I distinctly remember being excited at the beginning of the pandemic (hold on this will make sense) for two reasons: first, I had finished coursework and with a lightened teaching load at my two campuses would have more time to focus on my own dissertation writing and, second, a bunch of good poetry was coming out and I would finally have time to get back in the habit of reading poems and writing poems of my own.
Turns out writing a dissertation is hugely difficult and all-consuming. Pilgrim Bell came out in August 2021, two weeks before my defense. One week after my defense I started a new job. Two weeks after that we bought a house and moved into it. Two weeks after that I began looking for a permanent job to replace my one-year visiting appointment at Detroit Mercy. Two months after that Ben was born. Turns out having an infant is hugely difficult and all-consuming.
In another of the sequence of titular poems in the book, Akbar writes: "The self I am today. / Involves me. / As a lake. / Involves. / Its cattails. / It bears me."
Early in my M.F.A., I had been so concerned with what poets were instead of what poets did (write poems, dumbass). I wish I'd approached my craft back then with the same no-bullshit I approach teaching, which was to lean into the many selves I could be while being Writing Teacher. That made it effortless, enjoyable, natural, rewarding. It's why I know my students like me, it's why I can leave every morning happy, it's why while I might come home depleted, my spirit is still full.
The self I have been since Ben was born involves me as a father, which itself involves many, many things. Recently, I have been reading him books to sleep, but since Ben hasn't acquired language yet I can kind of read him anything I want. Star Wars fiction, card game rule books, and lots of poetry. Turns out "the sturdier soul" I needed, to rediscover that love of poetry, wasn't my own. It was his.

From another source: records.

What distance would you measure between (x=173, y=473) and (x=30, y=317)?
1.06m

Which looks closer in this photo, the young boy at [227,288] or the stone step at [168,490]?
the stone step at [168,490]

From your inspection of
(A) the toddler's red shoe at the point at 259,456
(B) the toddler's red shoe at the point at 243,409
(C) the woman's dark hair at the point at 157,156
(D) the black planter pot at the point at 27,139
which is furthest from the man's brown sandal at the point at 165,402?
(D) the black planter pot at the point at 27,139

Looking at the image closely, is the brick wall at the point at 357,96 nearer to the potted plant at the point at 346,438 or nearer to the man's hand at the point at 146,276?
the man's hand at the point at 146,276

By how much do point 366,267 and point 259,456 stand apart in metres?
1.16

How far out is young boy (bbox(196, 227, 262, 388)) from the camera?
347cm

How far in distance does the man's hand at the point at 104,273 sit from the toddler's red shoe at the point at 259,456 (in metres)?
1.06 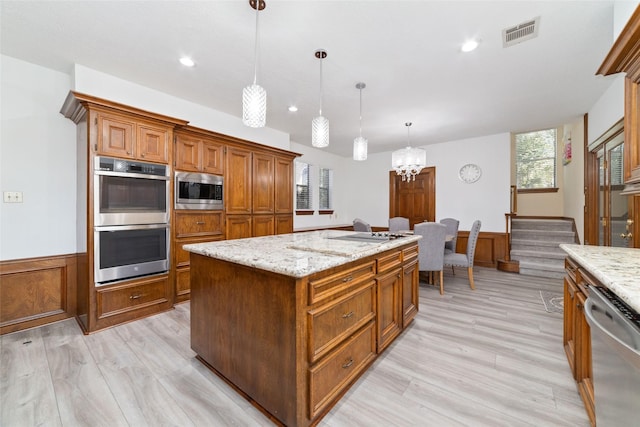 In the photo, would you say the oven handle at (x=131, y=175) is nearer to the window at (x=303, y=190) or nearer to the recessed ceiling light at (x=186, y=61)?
the recessed ceiling light at (x=186, y=61)

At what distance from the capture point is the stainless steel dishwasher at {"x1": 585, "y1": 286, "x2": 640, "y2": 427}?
84 centimetres

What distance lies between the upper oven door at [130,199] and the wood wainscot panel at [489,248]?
543 centimetres

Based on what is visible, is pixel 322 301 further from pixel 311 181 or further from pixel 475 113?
pixel 311 181

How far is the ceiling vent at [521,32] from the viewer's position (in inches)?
80.2

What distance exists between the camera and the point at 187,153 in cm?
325

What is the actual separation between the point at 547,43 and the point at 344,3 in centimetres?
188

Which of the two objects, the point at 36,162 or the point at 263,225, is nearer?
the point at 36,162

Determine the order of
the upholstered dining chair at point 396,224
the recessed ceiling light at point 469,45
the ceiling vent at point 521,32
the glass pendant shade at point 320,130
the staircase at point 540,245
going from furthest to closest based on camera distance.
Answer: the upholstered dining chair at point 396,224, the staircase at point 540,245, the glass pendant shade at point 320,130, the recessed ceiling light at point 469,45, the ceiling vent at point 521,32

And to him, while finally digging into this book that I had been so excited about by a poet who excites me so greatly, I found tremendous delayed gratification in the work. Pilgrim Bell crosses the impossible threshold that Portrait set, it floored me almost on every single page. The work is humble, and sweeping, and generous, and selfish. It is confessional, and honest; it is what my poems aspire to be. Its hilarious.

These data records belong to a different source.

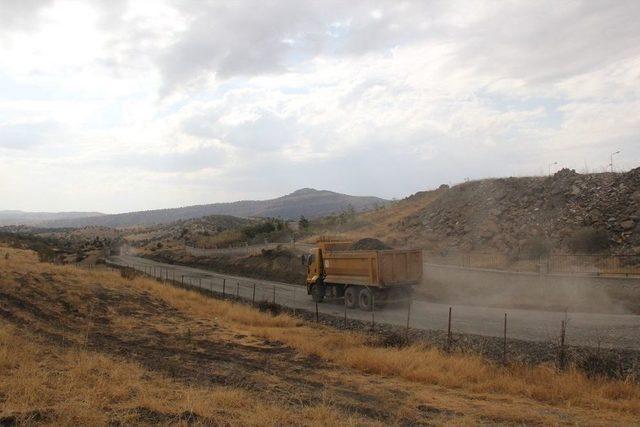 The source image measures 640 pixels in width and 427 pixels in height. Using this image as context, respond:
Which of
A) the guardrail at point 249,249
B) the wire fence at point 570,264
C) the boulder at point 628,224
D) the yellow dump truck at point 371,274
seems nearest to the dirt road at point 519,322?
the yellow dump truck at point 371,274

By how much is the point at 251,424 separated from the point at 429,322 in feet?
43.0

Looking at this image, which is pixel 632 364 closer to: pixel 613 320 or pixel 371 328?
pixel 613 320

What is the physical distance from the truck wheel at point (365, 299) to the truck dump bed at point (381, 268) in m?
0.36

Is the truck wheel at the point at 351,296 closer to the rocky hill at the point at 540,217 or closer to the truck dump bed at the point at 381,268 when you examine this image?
the truck dump bed at the point at 381,268

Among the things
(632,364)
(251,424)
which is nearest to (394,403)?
(251,424)

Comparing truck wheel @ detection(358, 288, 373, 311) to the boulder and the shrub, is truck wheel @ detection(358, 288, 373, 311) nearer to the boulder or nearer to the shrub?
the shrub

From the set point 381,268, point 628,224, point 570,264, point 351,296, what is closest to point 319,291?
point 351,296

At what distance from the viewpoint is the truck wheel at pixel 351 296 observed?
956 inches

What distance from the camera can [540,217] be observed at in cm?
4112

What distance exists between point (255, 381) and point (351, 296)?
14329mm

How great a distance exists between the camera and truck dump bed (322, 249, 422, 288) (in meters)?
22.7

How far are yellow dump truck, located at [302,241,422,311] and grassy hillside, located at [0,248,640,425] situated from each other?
537cm

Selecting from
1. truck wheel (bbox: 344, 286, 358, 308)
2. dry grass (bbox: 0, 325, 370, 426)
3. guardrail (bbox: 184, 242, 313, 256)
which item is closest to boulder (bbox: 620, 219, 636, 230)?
truck wheel (bbox: 344, 286, 358, 308)

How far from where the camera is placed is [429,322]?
19.4 metres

Take, for example, "Cotton Candy" which opens with a John Donne quote: "To go to heaven, we make heaven come to us" and begins with the line: "yes John I tried that the results were / underwhelming my liver practically / leapt out of my body." That's bleak, sure, but its also very funny. This poem, fixating on Akbar's mother as many of the poems in the book do, ends with such a tremendous image that I hope sits with you as long as it has sat with me:
my mother hated rides
she was happy to buy me cotton candy and
sit on a bench
smiling
she'd watch me eat the whole bag
I think of fear, and guilt, obsession. I watch Ben doze. Reading him these poems while he is too small to understand them is a bag of cotton candy I will watch him eat every night. Smiling. Forgiving myself. Fortifying that sturdier soul - one which is lightened - as new loves (sons, fatherhood, poetry) flood back into me, familiar again.